North’s Passages in the Canon
An introduction to hundreds of memorable speeches, quotes, and storylines that first appeared in Thomas North’s writings, prior to their reuse in Shakespeare’s plays
Fortunately for literary archaeologists, when Thomas North wrote plays for Leicester’s Men, he frequently recycled stories, images, ideas, speeches, and characters from his latest translations. Sometimes, he did this with his own text open beside him, adopting the passage with little change. Other times, when facing a certain situation about which he had previously written, he would recall that prior passage. Then he would recraft it while echoing his former language, filling the dramatic speech with uniquely Northern lines and phrases that occur nowhere else in the history of English language. The result is that literally hundreds of passages in the Shakespeare canon can be traced back to North’s prose texts. (See full-page of illustrated pics of borrowings)
Scholars are already aware of a small fraction of these borrowings. At least since the eighteenth century, researchers have contended that when Shakespeare wrote his three Roman tragedies—Julius Caesar, Coriolanus, and Antony and Cleopatra and, to a lesser extent, the Greek tragedy Timon of Athens—he had North’s Plutarch’s Lives open beside him, closely following the relevant source chapters and subsuming many of North’s passages with little change. “Shakespeare, the first poet of all time, borrowed three plays almost wholly from North,” wrote George Wyndham about the Roman plays. “Shakespeare’s obligation is apparent in almost all he has written.
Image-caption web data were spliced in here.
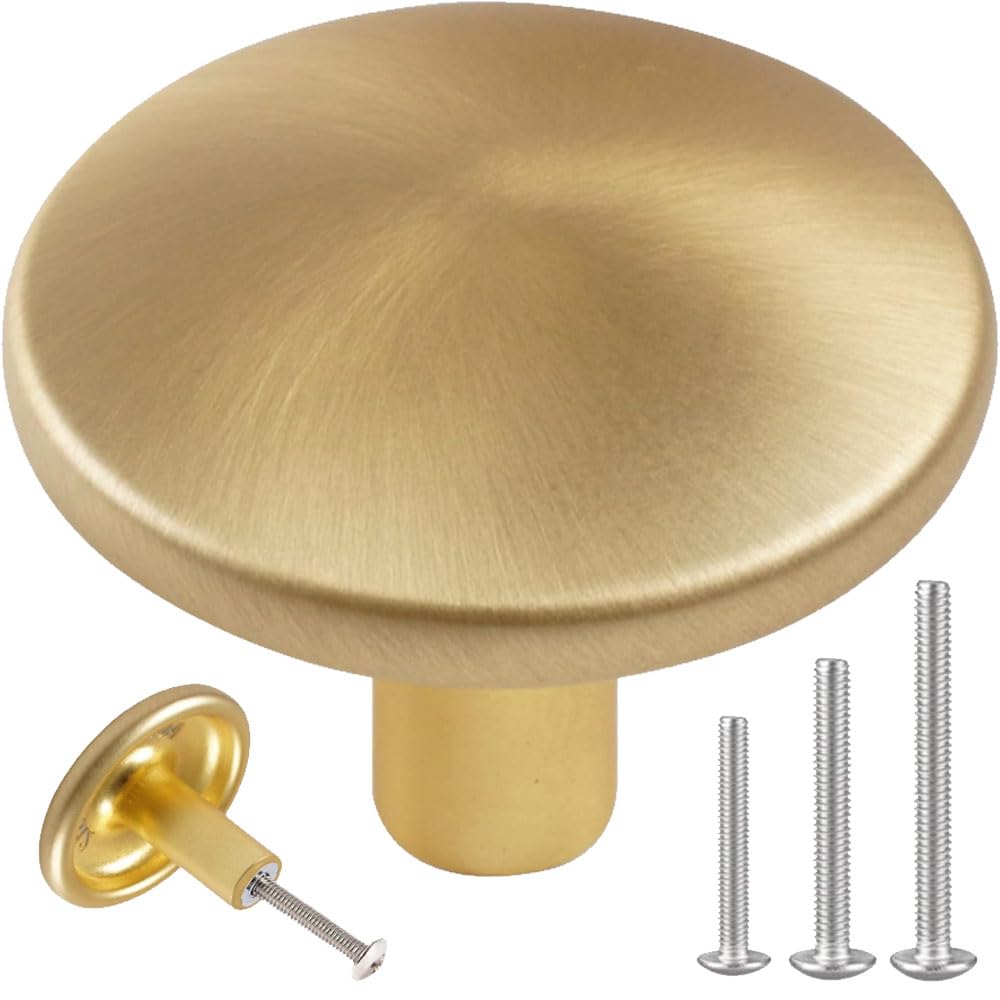 MUMU 6pc 1.65in Round Gold Brushed Oversize Cabinet Knobs Brass Color
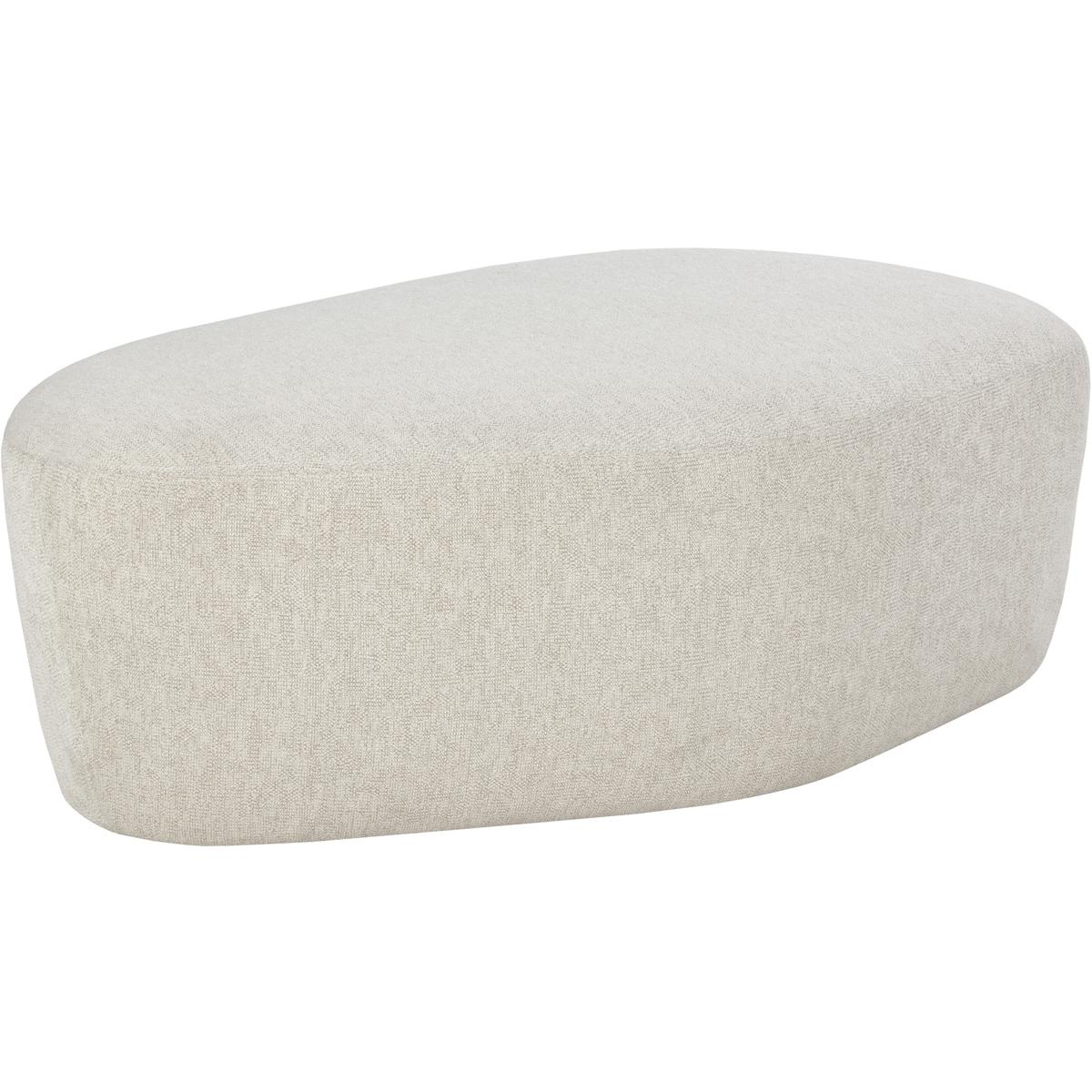 Fannie Modern Classic Dove Cream Upholstered Curved Ottoman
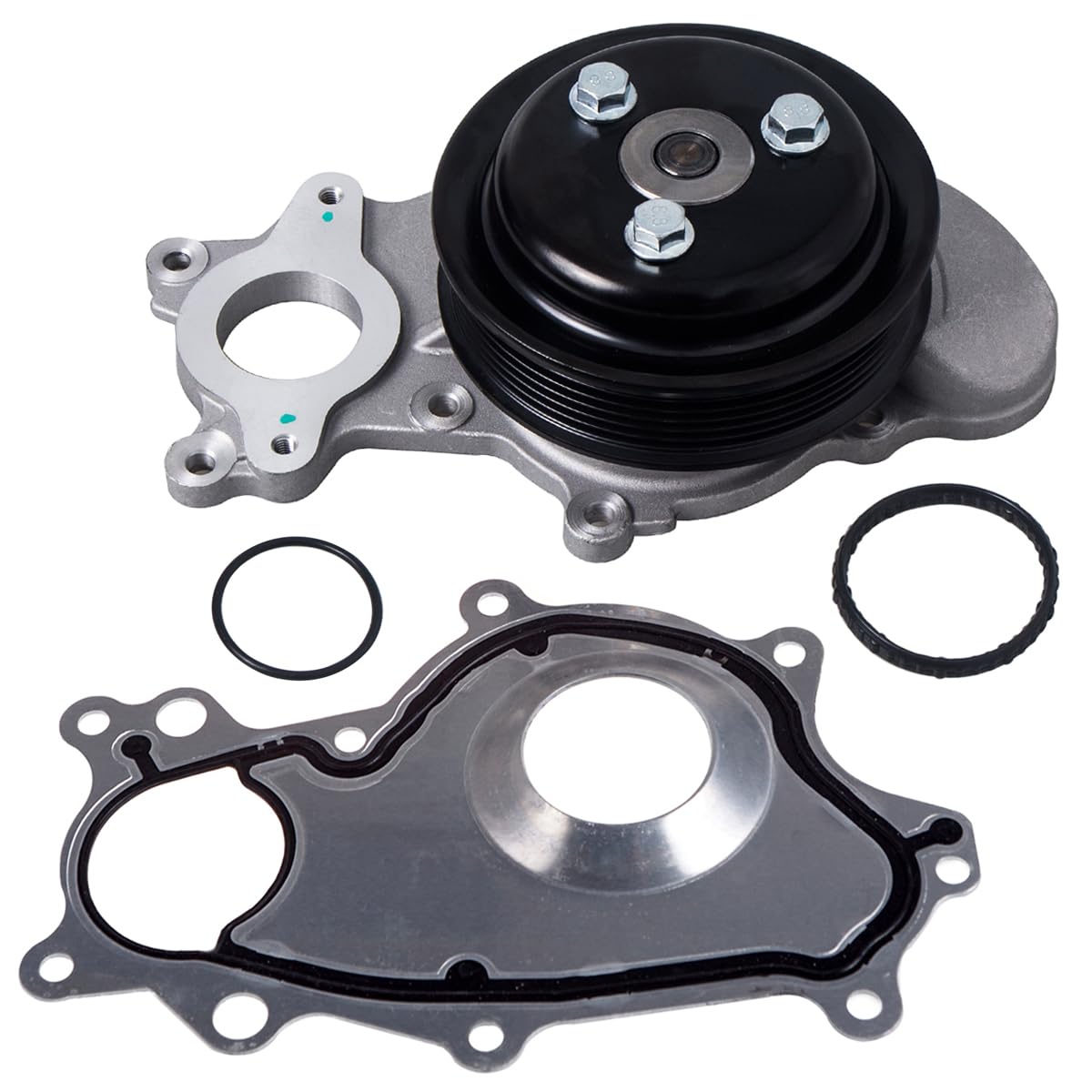 Photo 1 of AUQDD AW6654 Water Pump Kit w/Gasket (4 Bolt Flange,For 3.7L Naturally Aspirated) Fit For Fo-rd 11-14 F-150,11-17 Mustang,15-19 Transit-150 Transit-250 Transit-350 (Replace # BR3Z8501G BR3Z8501N)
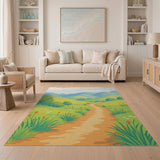 Whimsical Rolling Hills Winding Path Area Rug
To measure it you must quote the bulk of the three plays.”
C. F. Tucker Brooke, whose passage is on the left, also agreed with Wyndham’s estimate of the translator’s genius and Shakespeare’s debt.
This is an astonishing fact that has gotten too little attention. The passages that Shakespeare borrows from North, as numerous scholars point out, also seem peculiarly “Shakespearean” and do not differ in quality from the rest of the play. In fact, many of the borrowings are, in the words of Tucker Brooke, “among the special treasures of Shakespearean poetry.”
In reality, as we shall see, it was North who had originally made plays out of his own chapters from Plutarch’s Lives and reused his own passages. Shakespeare then adapted these dramas. But the upshot in either case is the same: it is currently conventional that the storylines, characters, scenes, and even many of the speeches of Shakespeare’s Roman tragedies all first came from the pen of Thomas North.
One of Tucker Brooke’s examples appears in the climax of Coriolanus, in which Volumnia begs her son Coriolanus not to lead his army into a vengeful attack on their home city of Rome. It is an historical moment in the early years of the Roman republic, and her successful appeal preserves the city-state, allowing it to evolve into an empire. The picture on the left only shows the first part of the speech, but as clear, much of it comes from North’s Plutarch.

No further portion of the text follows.